**Exercise aim:**
Everything from the first line of the data below through the line that contains "Isuzu Elf 1" should be written out exactly, please, and nothing more; the pictures stay out.

**Given information:**
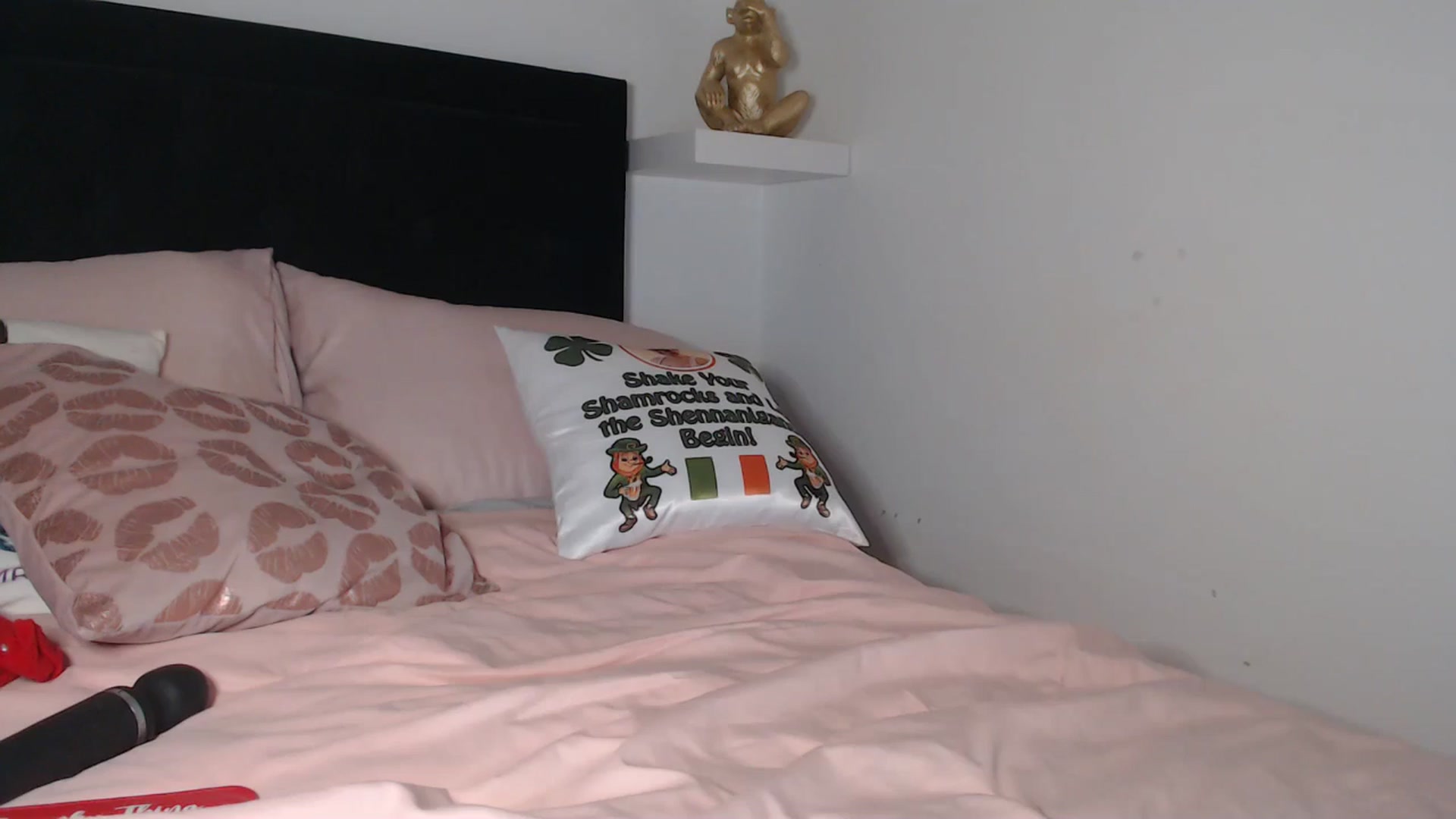 Gallery image thumbnail from innocentSamx's myfreecams stream on, 03/20/2026, 14:59 image 1 of 20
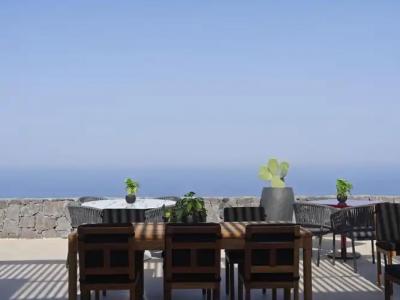 Cresanto Luxury Suites - 29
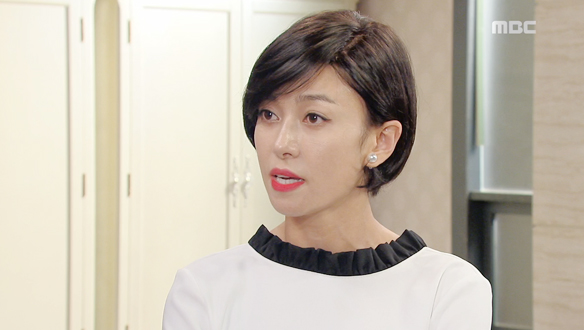 "네 결혼도 비즈니스 중 하나"…혜진(장영남), 유라(고우리) 닦달 '독하네' 클립 이미지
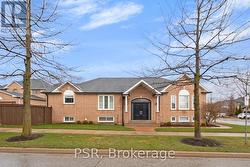 8 SOUTHBURY MANOR DRIVE  Caledon, ON L7E 1X7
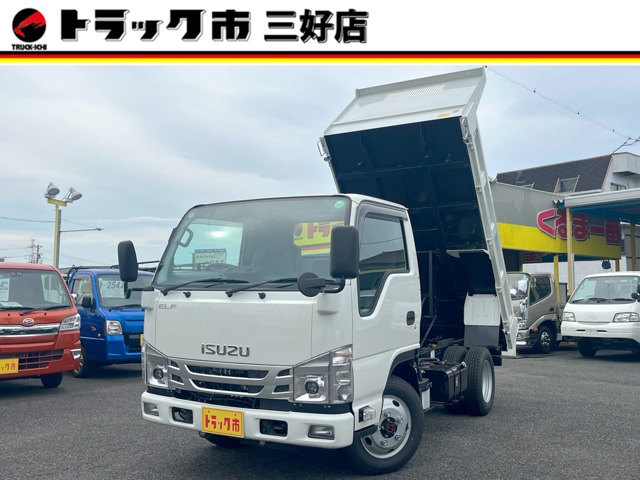 Isuzu Elf 1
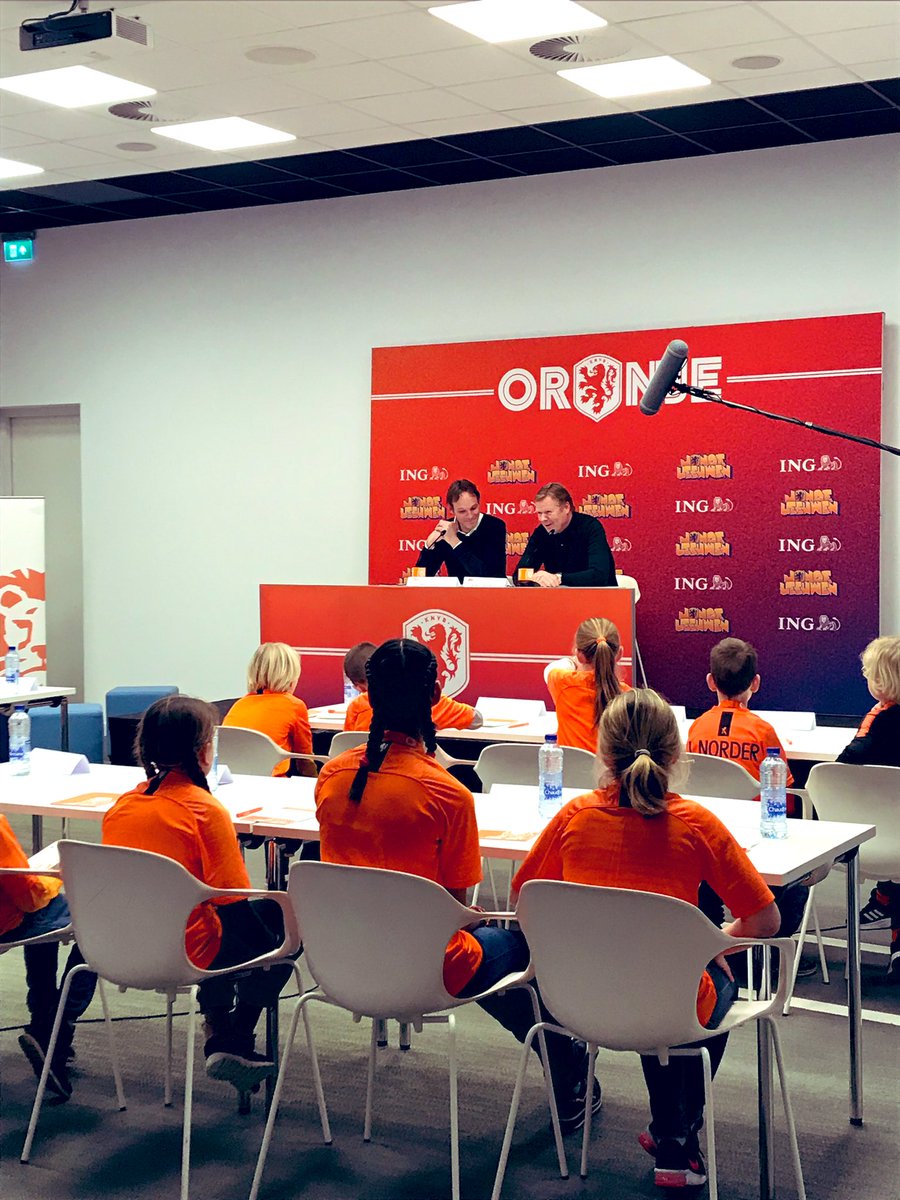 Alb_Manon's tweet image. Deze Jonge Leeuwen kropen vandaag in de huid van een echte  journalist tijdens de kidspersconferentie met @RonaldKoeman. Vanavond te zien in het @jeugdjournaal 📺
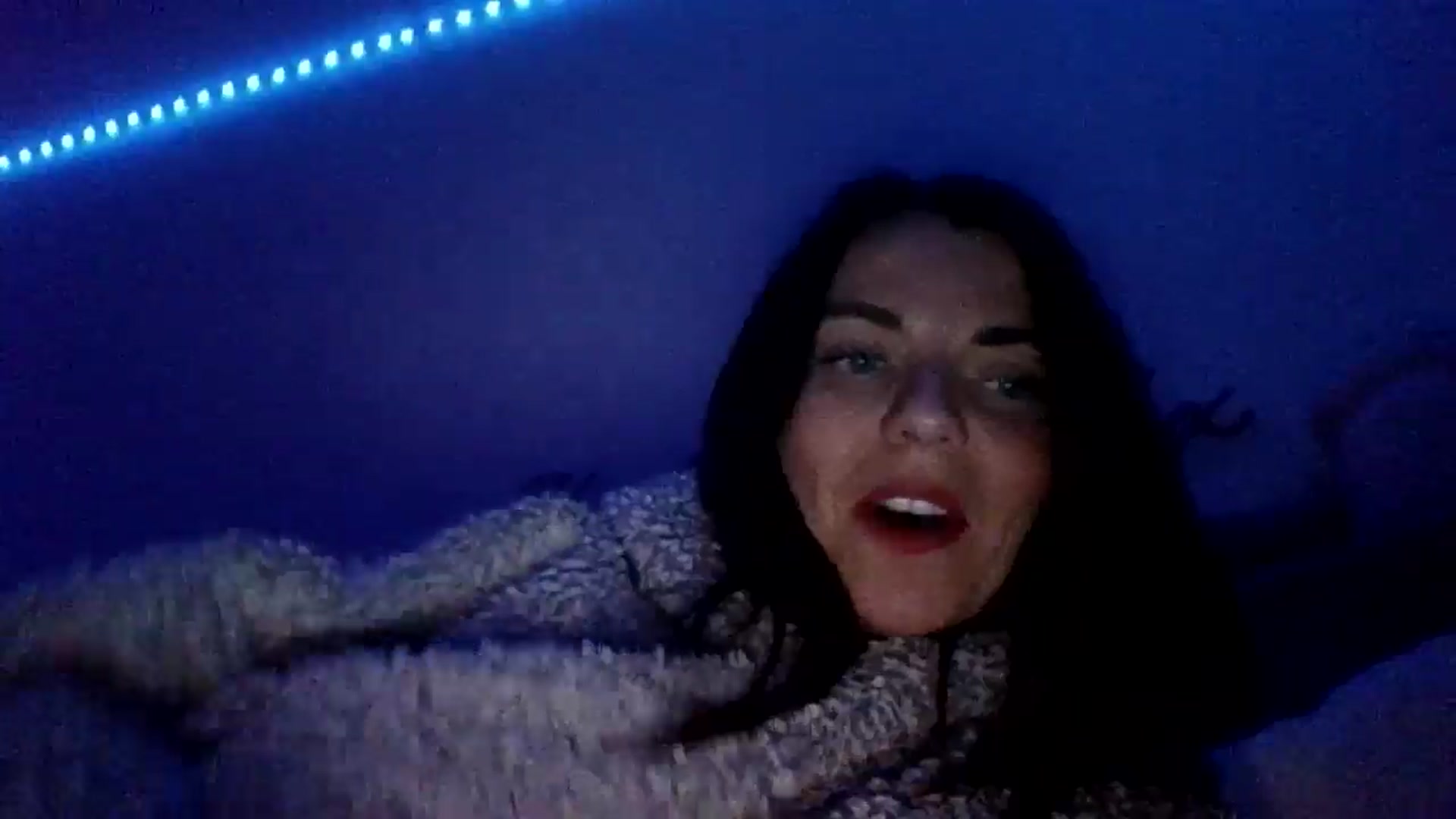 Gallery image thumbnail from innocentSamx's myfreecams stream on, 01/21/2025, 21:16 image 4 of 20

**Response:**
 Gallery image thumbnail from innocentSamx's myfreecams stream on, 03/20/2026, 14:59 image 1 of 20
 Cresanto Luxury Suites - 29
 "네 결혼도 비즈니스 중 하나"…혜진(장영남), 유라(고우리) 닦달 '독하네' 클립 이미지
 8 SOUTHBURY MANOR DRIVE  Caledon, ON L7E 1X7
 Isuzu Elf 1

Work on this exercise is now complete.